Sometimes you'll see ternaries used unnecessarily, however.

const greaterThan = a > b ? true : false
const greaterThan = a > b

These two lines of code are equivalent, because the expression a > b itself evaluates to a Boolean.

The refactoring rule of thumb here is: If you can reduce the number of return statements or if/else blocks by using a ternary, do. If you can remove a ternary without changing the behaviour of the code, do that too.

And the bonus extra rule is: Use the phrase "returnary". (I'm really struggling to make it take off for some reason.)

A brief interlude: primitive types vs reference types

Before we talk about the next rule, let's make sure we're all comfortable with primite and reference types.

Booleans, numbers, strings, undefined and null are all primitive types, which means they contain values. Objects and arrays are reference types, which mean they contain references to a location in memory; that's where the actual value is.

This is why weird stuff like this works:

const a = {}
const b = a
a.foo = 'bar'
b.foo === 'bar' // true

a contains a reference to an object. b contains that same reference. So when you add a property to the object, the change will be reflected whether you access it using a or b.

With that out of the way, let's talk about pure and impure functions.

Pure functions are less confusing

A pure function is one which will always return the same value given the same input and which has no side effects, i.e. it has no effect on anything outside itself. All other functions are impure.

Consider this function:

const haveABirthdayImpure = async (user) => {
  user.age++
  user.canDrive = await canUserDrive(user.age)

  return user
}

The user argument is a copy of the value that was passed in when haveABirthdayImpure was called. That's how all function arguments work, regardless of their type. So if you pass the number 4 into a function then inside that function you have a different number 4. You can increment the one in the function and it won't affect the one outside the function. Great! But what if we pass an object into a function, like in haveABirthdayImpure? We get a copy of user, but user contains a reference to a location in memory, and two copies of a reference both point at the same memory location. Therefore, when we increment user.age inside our function, we're mutating an object outside the function.

And haveABirthdayImpure is async. Other things can be happening while it's running. What if they reference user too? They might get unexpected values because haveABirthdayImpure mutated them.

We avoid this problem with a pure function:

const haveABirthdayPure = async (user) => {
  const newAge = user.age + 1

  return {
    ...user,
    age: newAge,
    canDrive: await canUserDrive(newAge),
  }
}

In the pure version we never mutate user itself, so we don't affect anything outside the function.

The refactoring rule of thumb here is: If you see an impure function, make it pure.

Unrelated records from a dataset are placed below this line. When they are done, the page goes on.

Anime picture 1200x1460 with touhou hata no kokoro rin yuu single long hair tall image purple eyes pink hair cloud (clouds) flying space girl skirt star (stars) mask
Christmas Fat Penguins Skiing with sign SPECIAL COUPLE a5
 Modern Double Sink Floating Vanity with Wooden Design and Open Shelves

Comments are a last resort

Lots of people have lots of feelings about comments. Some developers will tell you that you should avoid them at all cost. Some will tell you that you should comment everything. But we want a broadly applicable rule of thumb, so here you go: use comments! But only when they're needed. Pretty radical stuff, right?

Consider this code:

const name = getName(emailAddress) //take everything before the @, split on '.' and capitalise first letters

Is this a good comment? Is it needed? It offers some information. We might see a call to getName() and wonder how it works. But then wouldn't we just read the code? In fact in any decent editor we can probably click getName() and be taken right to the code in question. So why repeat the code again in English? It's a waste of time and space.

How about this one?

// get users with these IDs and check their profiles are complete
const areUsersUpToDate = async (userIds) =>
  (
    await Promise.all([
      userIds.map((id) => getUserService('afkHd98JUcdd6LiDgC').get(id)),
    ])
  ).reduce(
    (acc, curr) => acc && curr.hasName() && curr.hasAge() && curr.hasPicture(),
    true
  )

You might recognise this code from earlier. We already know it's confusing. But now we've got a comment describing what it does, which might allow us to save the time we'd have spent figuring it out for ourselves. And this time the comment is next to the function definition, which seems like an improvement on the last example because it's easy to get to the definition from anywhere the function is called. In the last example we might miss that comment if we came across getName() from a different place where it's called.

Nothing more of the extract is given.